If we were writing the story of the Franklin County Courthouse reconstruction project, it would be classified as science fiction. That’s because this particular effort seems to be operating in some sort of alternative universe where time and efficiency never merge.
In reality, however, the delays we’ve been seeing can only add to the multimillion-dollar bottom line.
We can certainly understand how the county’s residents have become numb to the project and its lack of progress.
A modern courthouse — one that meets the needs of those working there and of anyone conducting business — has been an issue for more than a dozen years. During that time there have been models based upon new visions for the legal system, building from the ground up away from downtown and different takes on renovation and reconstruction. And over those same years, there have been all kinds of conversations with legislators and various state department officials about the financial process and protocol in getting a courthouse project in the pipeline.
Not quite four years ago, Gov. Deval Patrick’s endorsement of a courthouse project seemed to put the work on a new footing. Even since then, though, the project hasn’t been setting any speed records, not with the amount of pre-construction investigation, redesigns and the state government and legislative processes that result in locking in the money.
And we have to recognize the politics, both private and public, that hold sway on any kind of project involving the state.
Still, a few months ago there were reasons to be optimistic. The state was announcing where the various courthouse operations would be temporarily housed during the reconstruction work, leading to the thinking that the hurdles had been removed and it was just a short matter of time before the public saw work get underway.

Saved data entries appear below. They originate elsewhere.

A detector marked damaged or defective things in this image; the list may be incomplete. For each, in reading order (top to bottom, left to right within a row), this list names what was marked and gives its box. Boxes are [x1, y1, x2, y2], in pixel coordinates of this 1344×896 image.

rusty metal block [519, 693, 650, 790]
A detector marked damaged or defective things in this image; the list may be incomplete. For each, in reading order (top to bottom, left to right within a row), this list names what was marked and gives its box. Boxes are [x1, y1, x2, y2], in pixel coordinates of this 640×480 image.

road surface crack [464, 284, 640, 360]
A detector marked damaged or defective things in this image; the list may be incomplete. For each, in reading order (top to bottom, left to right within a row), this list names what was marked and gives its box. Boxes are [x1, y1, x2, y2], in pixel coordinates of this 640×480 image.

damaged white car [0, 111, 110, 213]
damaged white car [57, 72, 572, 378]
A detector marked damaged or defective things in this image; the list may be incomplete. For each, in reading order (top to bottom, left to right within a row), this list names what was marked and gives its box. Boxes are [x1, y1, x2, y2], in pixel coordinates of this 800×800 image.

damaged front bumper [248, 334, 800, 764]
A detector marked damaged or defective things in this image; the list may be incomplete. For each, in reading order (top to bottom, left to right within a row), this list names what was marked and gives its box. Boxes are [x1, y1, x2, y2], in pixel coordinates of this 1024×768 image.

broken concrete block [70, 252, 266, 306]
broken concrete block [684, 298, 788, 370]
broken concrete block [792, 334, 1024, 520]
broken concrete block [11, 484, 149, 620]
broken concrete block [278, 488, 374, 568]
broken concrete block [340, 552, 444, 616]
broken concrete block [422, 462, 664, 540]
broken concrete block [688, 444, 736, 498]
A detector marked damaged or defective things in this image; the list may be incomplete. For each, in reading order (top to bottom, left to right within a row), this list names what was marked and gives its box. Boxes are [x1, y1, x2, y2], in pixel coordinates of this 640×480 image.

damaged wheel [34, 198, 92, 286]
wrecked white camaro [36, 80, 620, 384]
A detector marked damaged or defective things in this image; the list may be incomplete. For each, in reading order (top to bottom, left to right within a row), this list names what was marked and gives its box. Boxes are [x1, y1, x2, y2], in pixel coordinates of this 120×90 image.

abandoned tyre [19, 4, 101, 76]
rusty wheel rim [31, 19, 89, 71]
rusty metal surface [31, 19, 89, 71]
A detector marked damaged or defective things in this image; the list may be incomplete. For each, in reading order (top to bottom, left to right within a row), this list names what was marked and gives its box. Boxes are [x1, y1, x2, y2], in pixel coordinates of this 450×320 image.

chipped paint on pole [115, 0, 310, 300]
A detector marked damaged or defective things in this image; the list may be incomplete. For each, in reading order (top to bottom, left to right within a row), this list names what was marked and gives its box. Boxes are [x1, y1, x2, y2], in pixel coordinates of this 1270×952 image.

But apparently those timetables were something of a mirage.
As the public learned in Tuesday’s Recorder story, the state has not even signed a lease for the temporary courthouse space. “Space design and other negotiations took longer than anticipated, but the renovations will start this spring ...” said a written response from the state Trial Court system.
As much as Franklin County wants to move forward here, this project just gets snagged and snagged again.
We agree that everyone wants to get such projects right. But there has to be self-evaluation on the state’s part to see what can be done to improve its internal processes.
We think, therefore, that the legislation state Rep. Stephen Kulik is thinking about would be a solid step. Modeled after the legislation involving school projects, it would make state agencies more accountable when it came to costs and a timetable.
In the meantime, the county — and the judges, and clerks, and jurors, and police officers, and attorneys, and prosecutors, and defendants, and court officers and victims, and the public (who are paying for all of this) will continue to wait.